Transplant success depends on preventing recipient alloresponse due to differences in major histocompatibility antigens of the transplanted organ, mainly the HLA system. The alloresponse will be more intense the greater the difference between donors and recipients. 

Most available immunosuppressants can induce graft acceptance, but are generally ineffective on alloantibody-producing plasma cells.

TECHNIQUE SELECTION

The objectives of most techniques used are:

1.            Evaluate the incompatibilities the recipient will detect in the donor cells.

2.            Identify the presence in the recipient of alloantibodies against HLA polymorphisms of potential donors.

3.            Identify whether recipient alloantibodies react against polymorphisms expressed in the proposed donor.

4.            Identify the type of immunoglobulin (IgM or IgG) and target (HLA-I, HLA-II, or no HLA).
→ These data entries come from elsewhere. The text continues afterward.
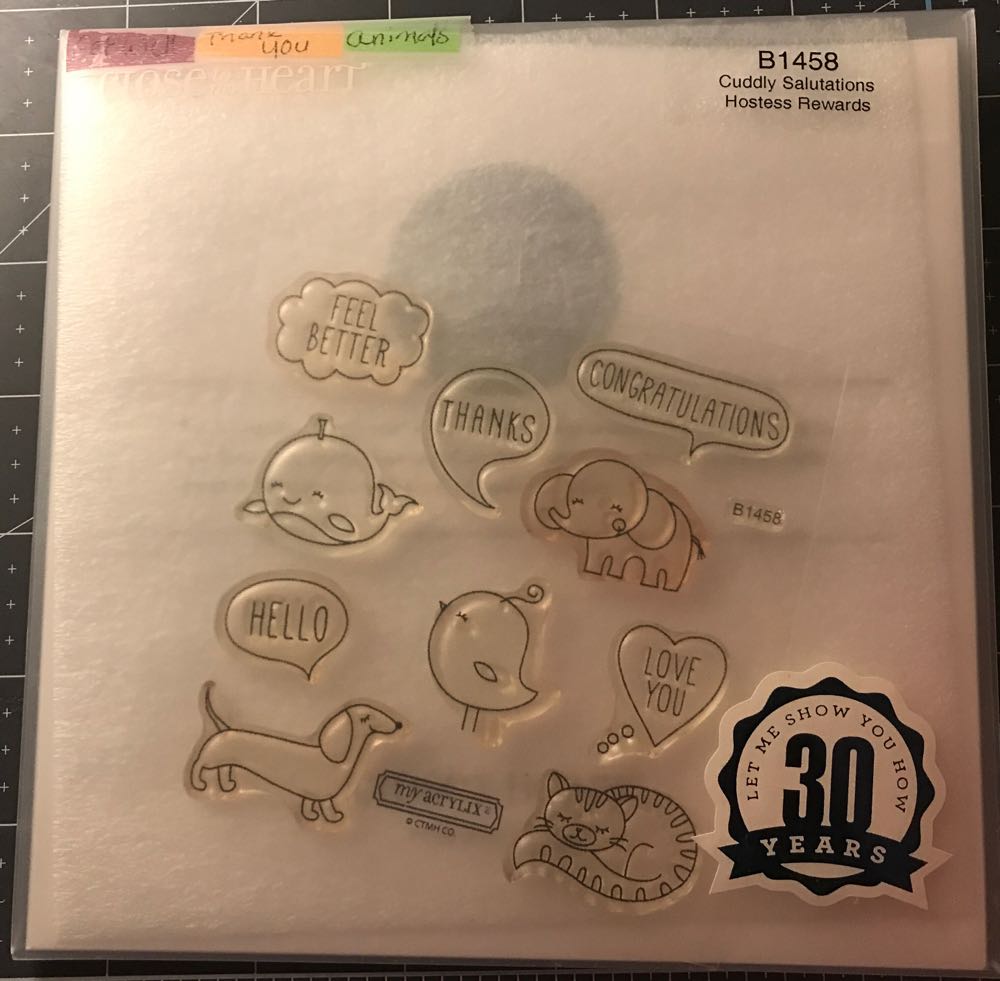 Pnc Australia Collingwood Afl Premiers 2 X Ram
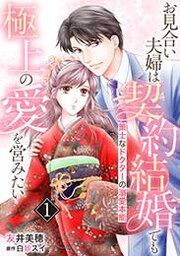 『お見合い夫婦は契約結婚でも極上の愛を営みたい~策士なドクターの溺愛本能~』の表紙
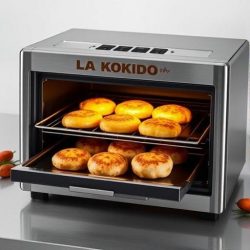 Why Broaster and Brosted Chicken are Taking Over Food Lovers’ Hearts – Only at Lakokido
The different techniques for identifying alloantibodies are mostly similar, however the targets for each technique are different (viable cells or purified HLA antigens). The techniques use different methods (cytotoxic capacity or IgG markers), have different levels of sensitivity and are interfered with by different elements (see Appendix 1).

In practice, each method serves to predict different events and/or has different prognostic values. It is the joint evaluation of different tests that enables actual risk assessment.

In each technique, one should consider the type of event to be predicted and the positive predictive value (PPV) or negative predictive value (NPV) of its result.

There are few prospective studies that assess the prognostic values of the most recently introduced tests regarding well-defined clinical events. Their assessment with respect to reference techniques may lead to some confusion because the new techniques may offer greater sensitivity. Everything indicates that this increase in sensitivity does not have the same prognostic value as the reference technique (for example, cytotoxicity) and may also predict different events than those of this reference technique.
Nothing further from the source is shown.